**RECORDS FOR PROCESSING:**

>>>>

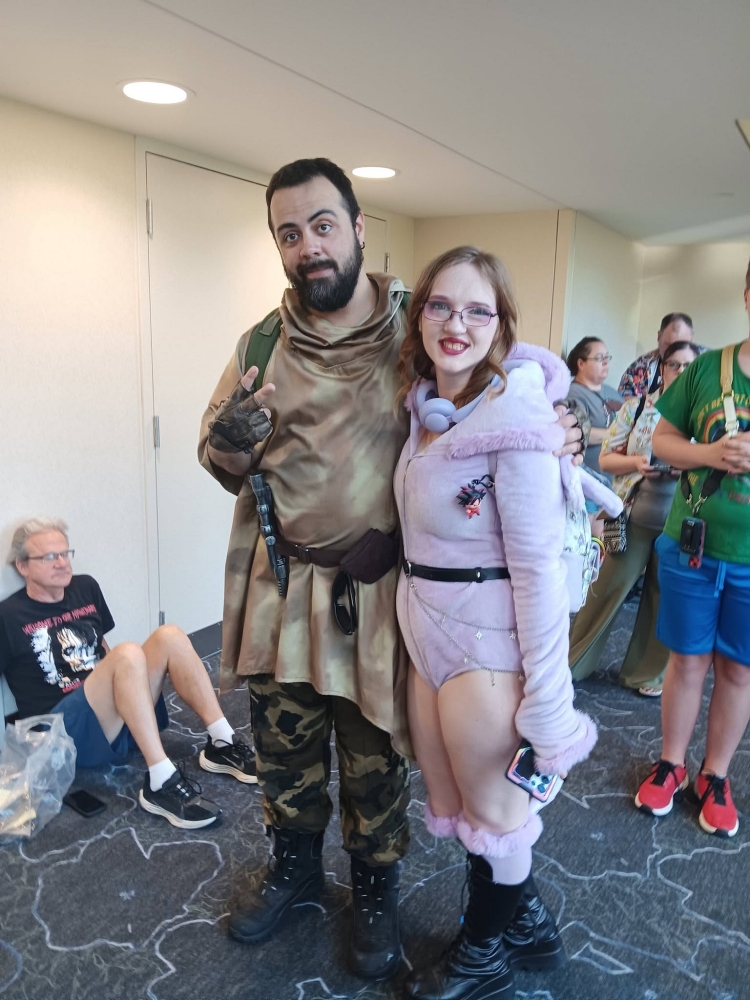 Indiana Comic Con 2026 Cosplay Photos by Alex Quinn Duane Smeltzer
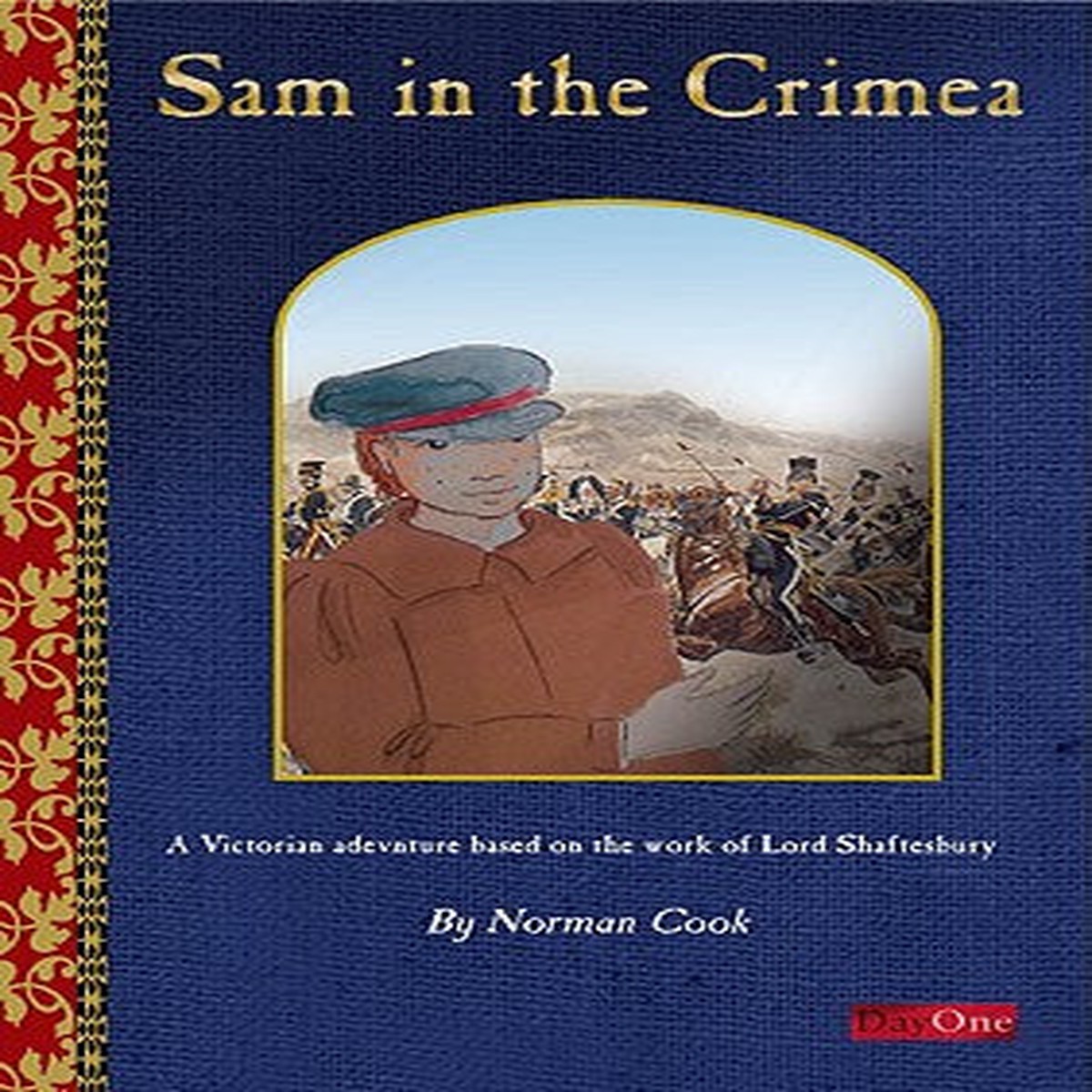 Sam in the Crimea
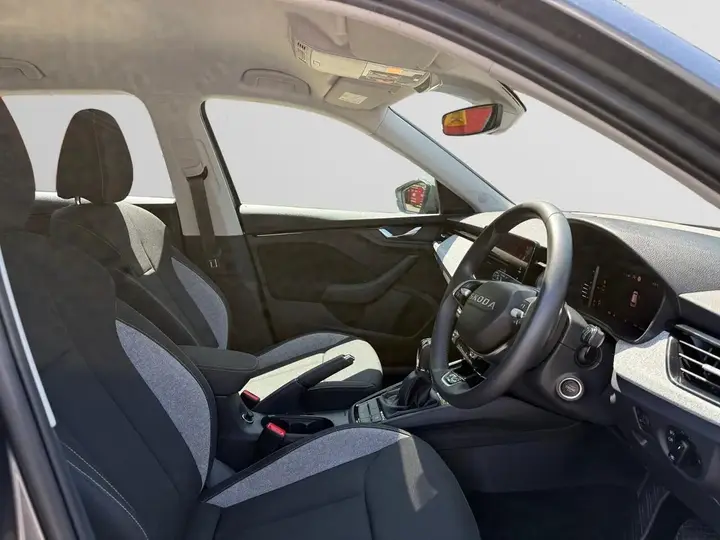 Skoda Kamiq 2025 photo 4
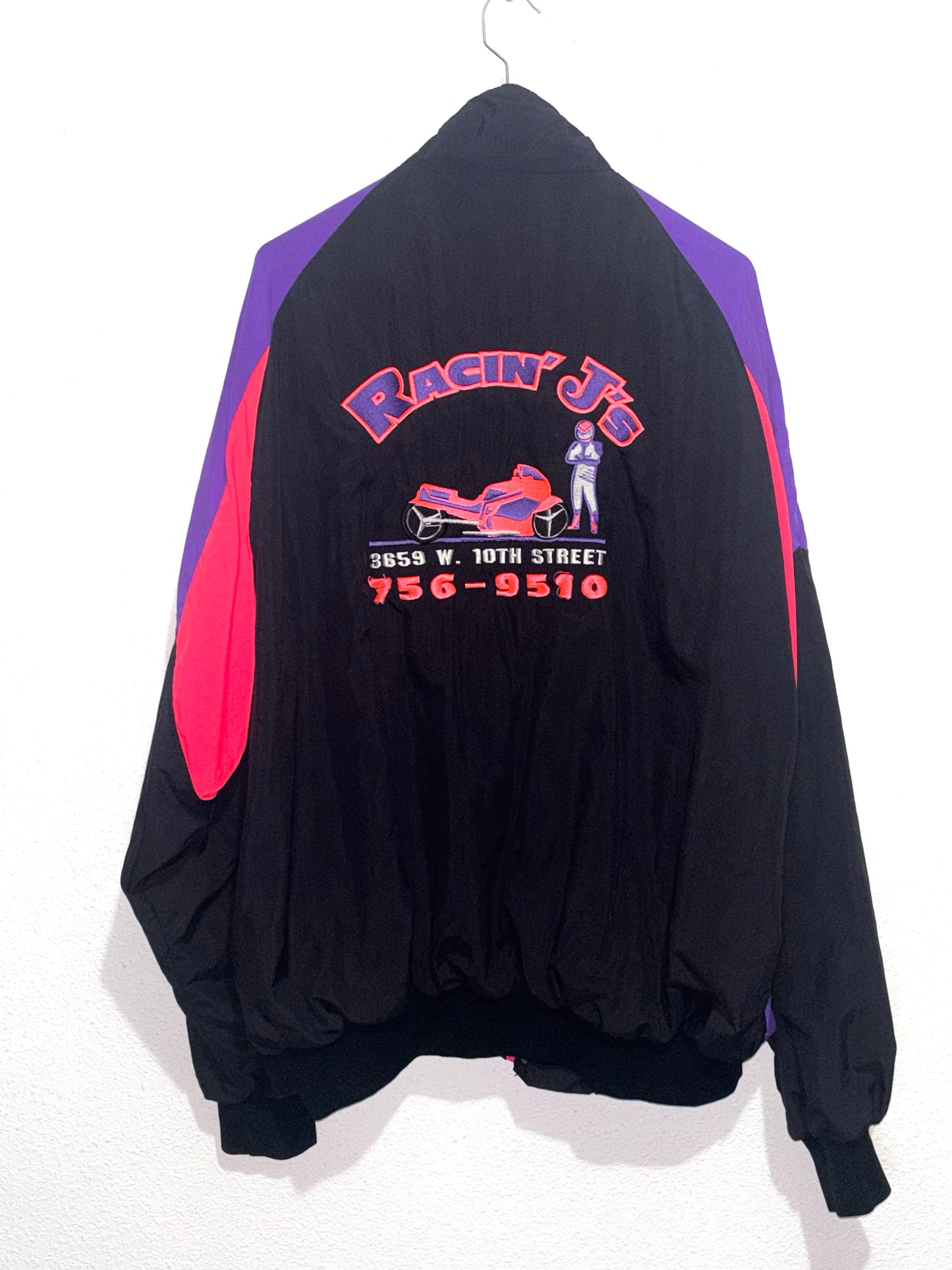 Chaqueta Jerry Vintage Racin’ J’s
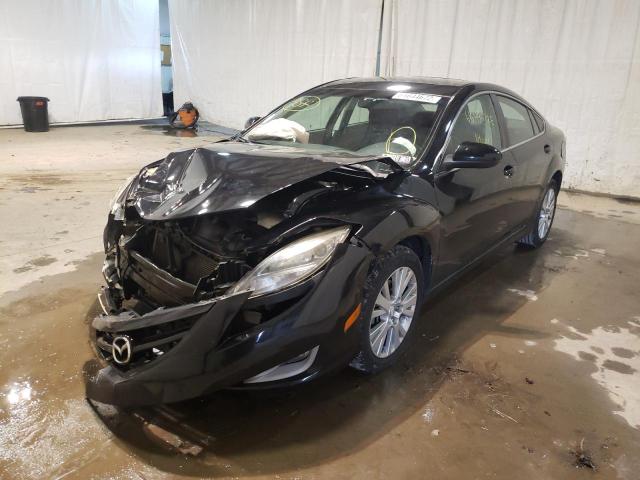 Photo 2 from auction – 2010 MAZDA MAZDA 6 with VIN 1YVHZ8CB4A5M33016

<<<<

**PROBLEM REQUIREMENTS:**
Print only the lines from the one with "Chaqueta Jerry Vintage Racin’ J’s" through the last line of the data above, exactly and with both ends, and please omit any pictures.

**WRITTEN RESPONSE:**
 Chaqueta Jerry Vintage Racin’ J’s
 Photo 2 from auction – 2010 MAZDA MAZDA 6 with VIN 1YVHZ8CB4A5M33016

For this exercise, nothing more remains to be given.